Vance, speaking to the AP, said his office has prosecuted many people of "power and authority," that his office has taken on thousands of sex crimes cases, and that he often defers to the expertise of his career sex crimes prosecutors on charging decisions.

Still, he acknowledged the criticism and outlined steps his office has taken, including bringing in an outside consultant to take a hard look at how its sex crimes bureau operates.

"To those folks who, who criticize our decisions, I would say that we I think we have learned a great deal from the .MeToo movement," Vance said. "Of course we haven't done perfectly and you're going to make people unhappy in this job, just by the nature of the job and the decisions you make. That happens from time to time and it has happened to me from time to time. What I can simply commit to is that the efforts of our lawyers have always been to try to get the right result."

Trump's view on Vance is that he's just another Democrat out to get him in a partisan "witch hunt."

"New York is dying before our very eyes, and all the Democrat Prosecutors are focused on is how we can get and punish Donald Trump," the former president said in his latest missive Wednesday.

The district attorney's investigation, which initially began as an examination of hush-money payments paid to women on Trump's behalf, has expanded into an inquiry into whether the president's company misled lenders or tax authorities about the value of its properties.

The June indictments allege the Trump Organization and its CFO, Allen Weisselberg, evaded taxes on lucrative fringe benefits paid to executives.

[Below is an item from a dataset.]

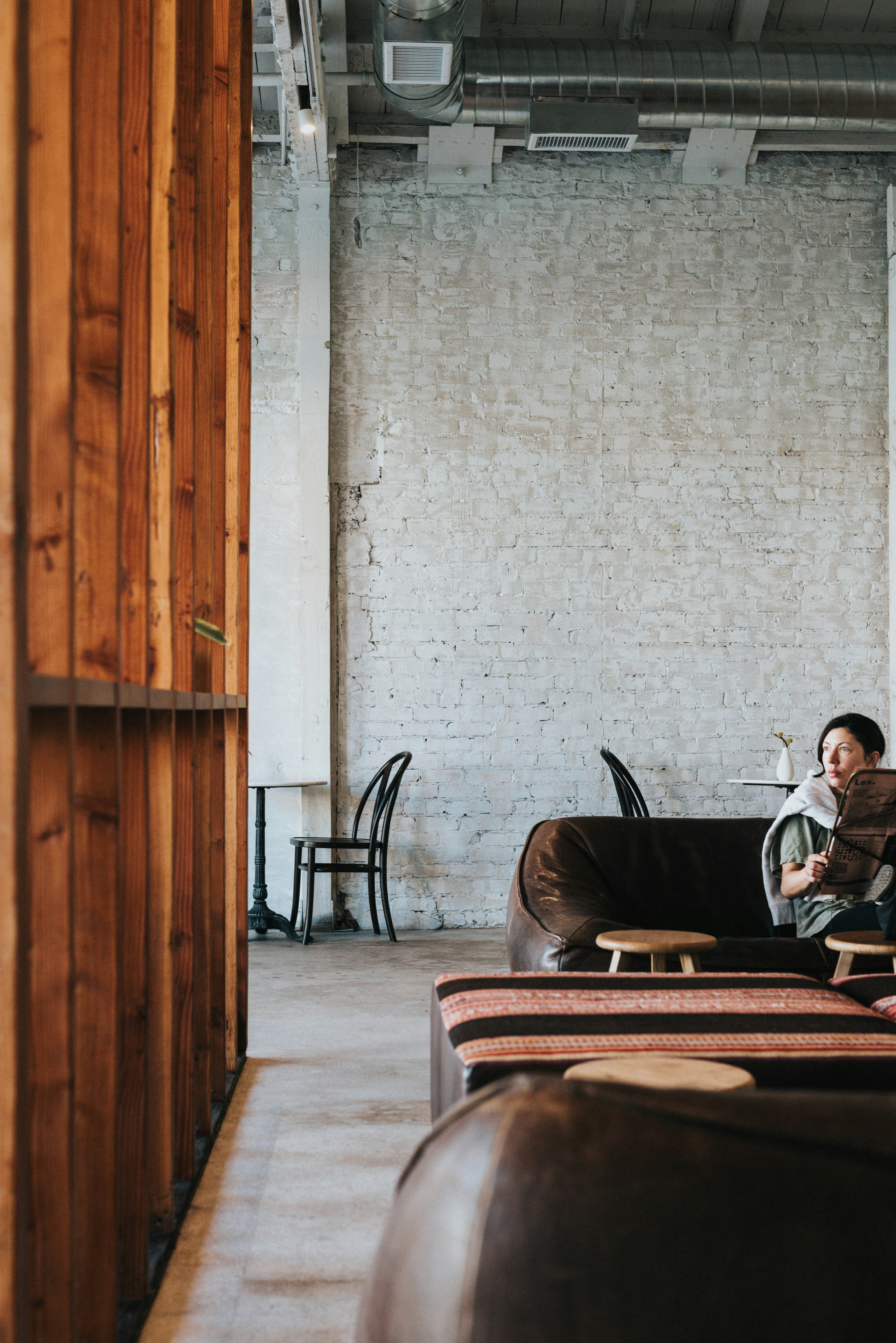 Person relaxing on a leather couch in a modern cafe.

Prosecutors didn't charge Trump, but they did note that he signed some checks at the center of the case.

Vance sought Trump's personal tax records as part of the investigation, eventually winning them through a U.S. Supreme Court ruling.

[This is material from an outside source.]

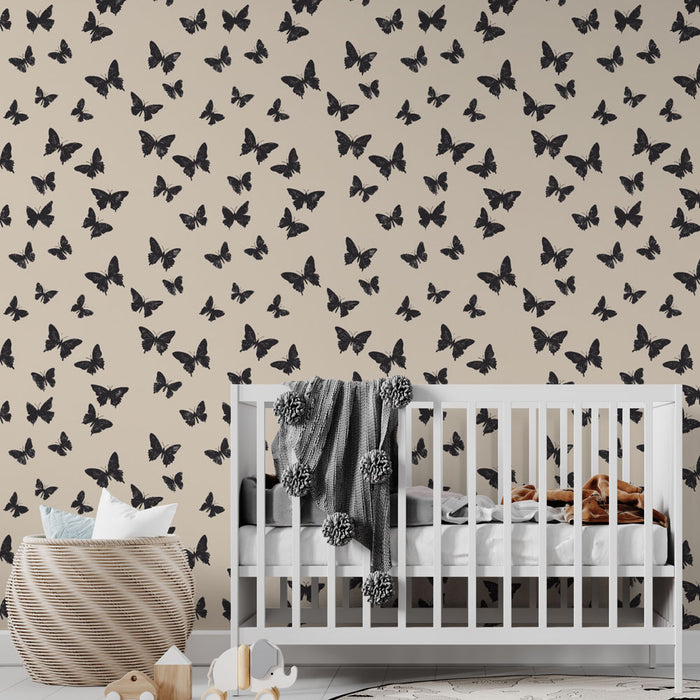 Une chambre d'enfant avec un papier peint beige orné de motifs de papillons noirs, créant une atmosphère douce et poétique.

Shortly after the court decision, he announced he wouldn't seek reelection.

Vance told the AP he only ever planned on serving two or three four-year terms -- a relative cup of coffee compared with his predecessors Robert Morgenthau, who was in office for 34 years, until he was 90, and Frank Hogan, who stuck around for 31 years.

"I did not want to be D.A. forever and I wanted to have another chapter or two after I left this job," Vance said.

In the process, he also avoided a potential primary fight with progressive Democrats who said his criminal justice reforms didn't go far enough.

"In many ways, he's sort of old school and to his credit, methodical," New York Law School professor Rebecca Roiphe said. "He may not have been the best at managing public relations, and I don't think he was the best at managing his office -- making sure that his principles and policies and commitments made their way to every courtroom and to every D.A. -- but I do think he's a decent prosecutor who was trying to do the right thing in most of these situations."

As D.A., Vance took an interest in global efforts to prevent cyberattacks, gun violence and sex trafficking -- issues he says he wants to continue working on in the private sector after his retirement.

Vance has also used an $800 million slush fund bankrolled by Wall Street settlements to provide police officers with smartphones, build neighborhood gyms, and help reduce a national backlog in the testing of rape kits, an effort that brought him national attention and praise from "Law & Order: SVU" star Mariska Hargitay.

Vance assesses himself modestly, saying he took what was already "perhaps the greatest 20th century district attorney's office in the country" and made it one of the greatest of the 21st century.

The next two weeks will show whether Vance is content with his legacy as it stands, or intends to take one more shot at rewriting his place in the history books.